* **YOUR OBJECTIVE**: Return exactly the lines from the one containing "A pregnant woman" through the end of the material below, and leave the images out.

* **DATASET CONTENT**:
>>>>

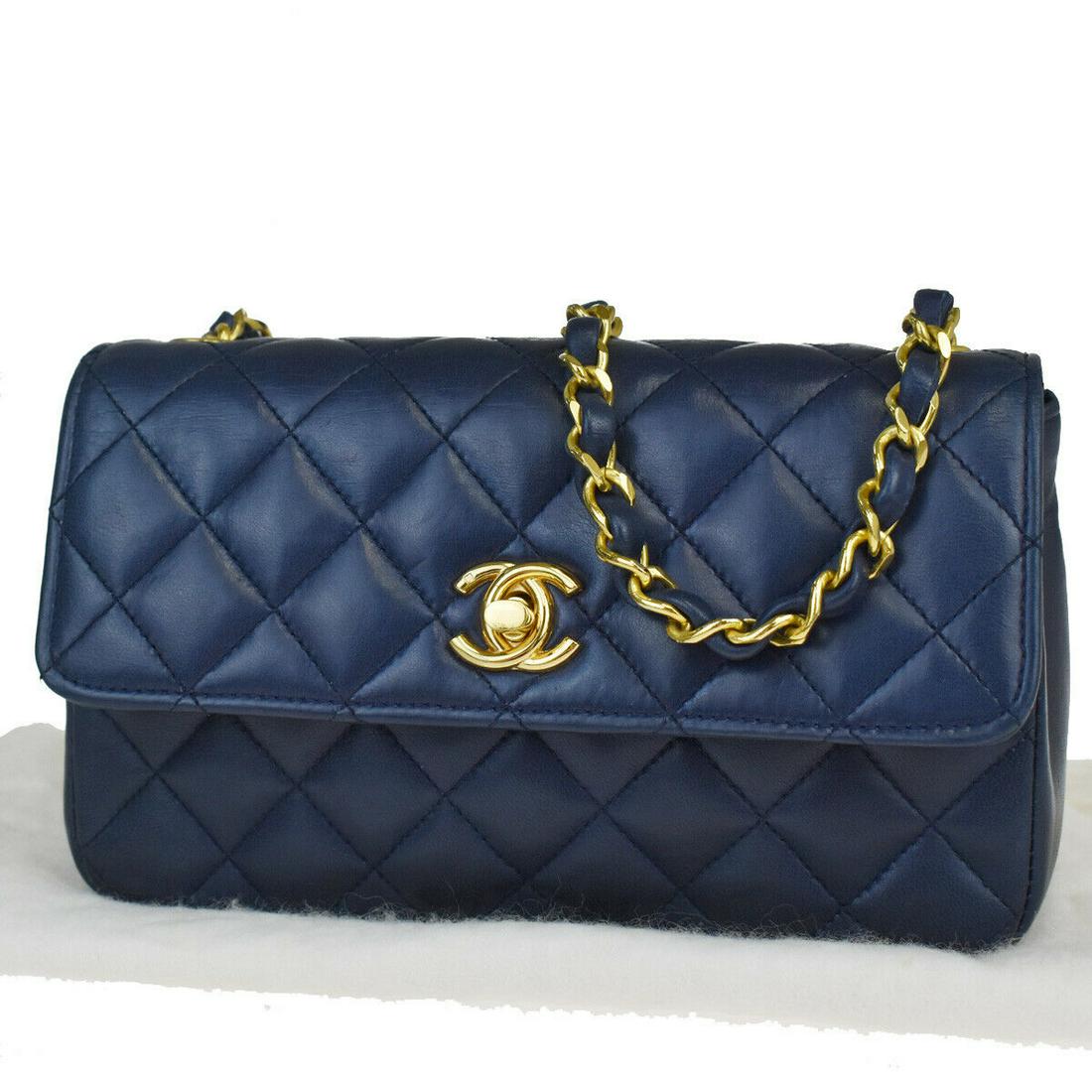 Authentic CHANEL Leather Shoulder Bag: Brand: CHANELMaterial: LeatherStyle: Shoulder BagColor: Navy BlueSize(inch): W 7.1 x H 4.3 x D 2 "(approx.)Country of Origin: -Come with: Dust bag,All Bidhaus items come with a 100% money-back authent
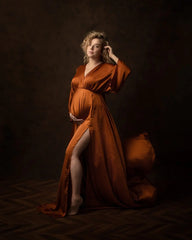 A pregnant woman wears a long, rust-colored V-neck maternity dress with a side slit.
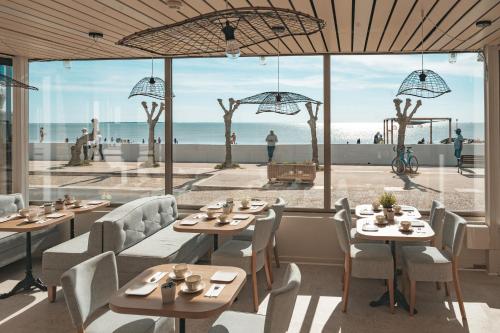 Un restaurante con mesas y sillas y vista a la playa. en Hôtel Le Rivage vue sur mer - Châtelaillon-plage, en Châtelaillon-Plage
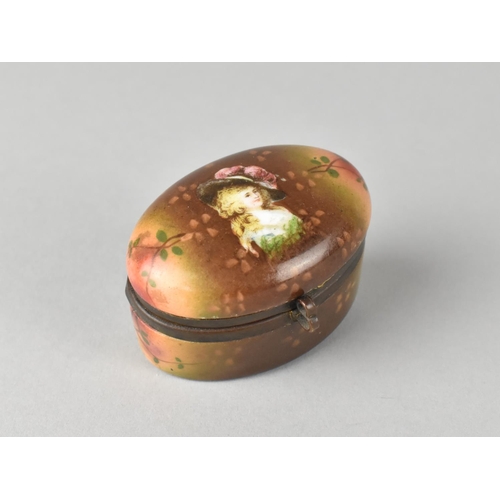 47 - A Continental Ormolu Mounted Oval Pill Box with Hinged Lid, 5cms Long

<<<<

* **WRITTEN SOLUTION**:
 A pregnant woman wears a long, rust-colored V-neck maternity dress with a side slit.
 Un restaurante con mesas y sillas y vista a la playa. en Hôtel Le Rivage vue sur mer - Châtelaillon-plage, en Châtelaillon-Plage
 47 - A Continental Ormolu Mounted Oval Pill Box with Hinged Lid, 5cms Long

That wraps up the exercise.